Another Christmas Day, come and gone.
A full year of moments, dates, special occasions passed as a single mother. It’s been 15 months now. I’ve gone through the full cycle, and I feel like I’ve finally hit my stride. Of course there are still some fleeting thoughts of what if’s, why me, how did this happen but they are few and far between. For the most part I’m either too busy with the necessitates of life or creating memories with my boys. Memories like yesterday. My first Christmas dinner as the hostess with the mostest again.
11 of my family descended upon me to devour a feast prepared by my own fair hands. These are the moments that matter. That said, the festive day did have a dark cloud of his size and shape looming over it. I tried my best to blow it away and to a large degree I did, but this morning it’s back, darker and gloomier than before.

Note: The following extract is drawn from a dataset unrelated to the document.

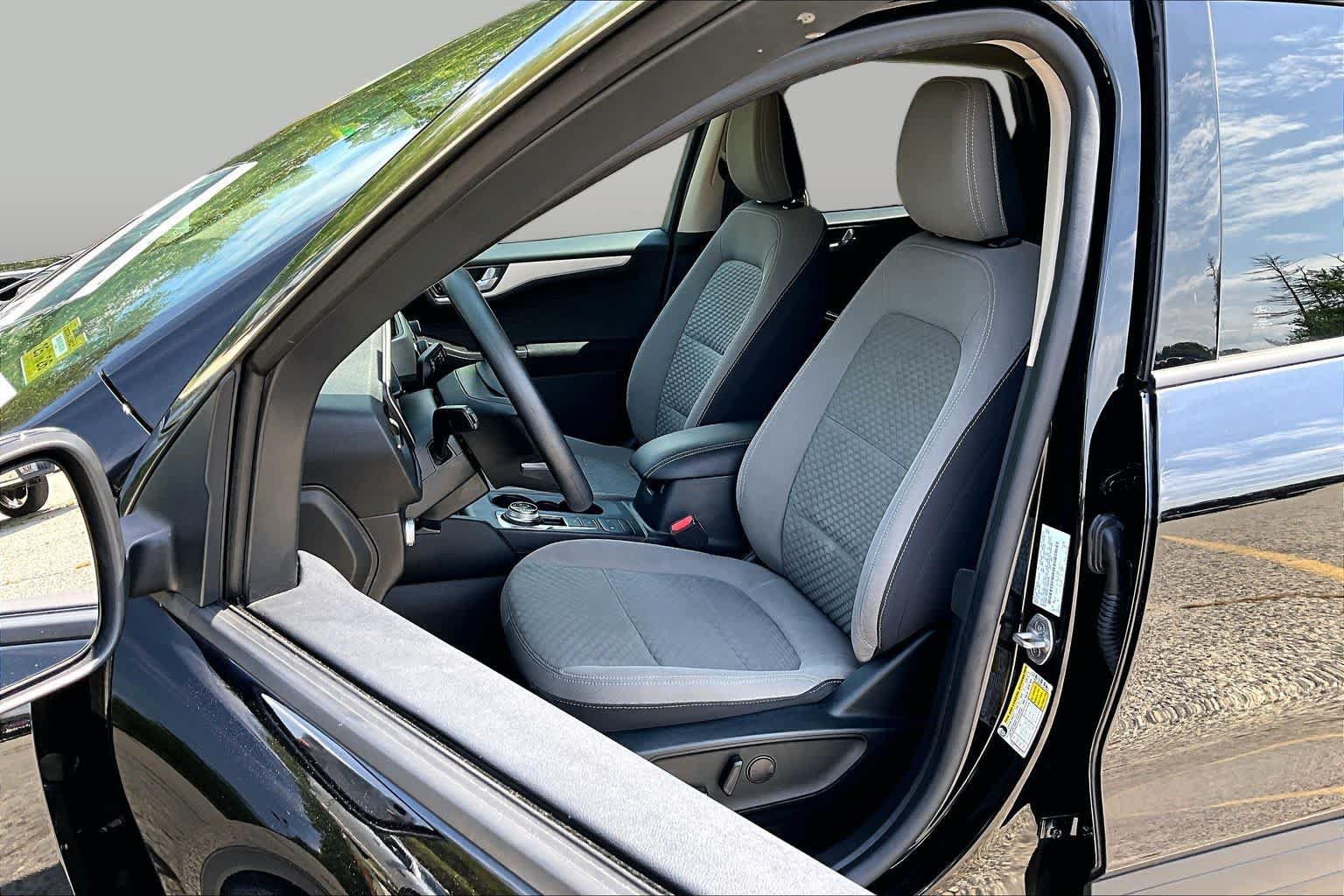 Certified 2020 Ford Escape SE AWD/4WD image 9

The day before Christmas Eve my mum gave me a box, the front decorated with his child like scrawl, addressed to my boys. Some might say this is progress. He’s sending gifts (he didn’t even bother with a text last year) but I see it differently. I see her. His new cover story.
Albert received a big toy; dancing animals, flashing lights and songs sung in German. Oliver a book. The diary of a wimpy kid. And that right there is the point. He would have noticed the toy sung in German, her being German wouldn’t. He would have known that yes, Oliver liked (focus on past tense) the wimpy kid series… When he was 9!!! She again would not.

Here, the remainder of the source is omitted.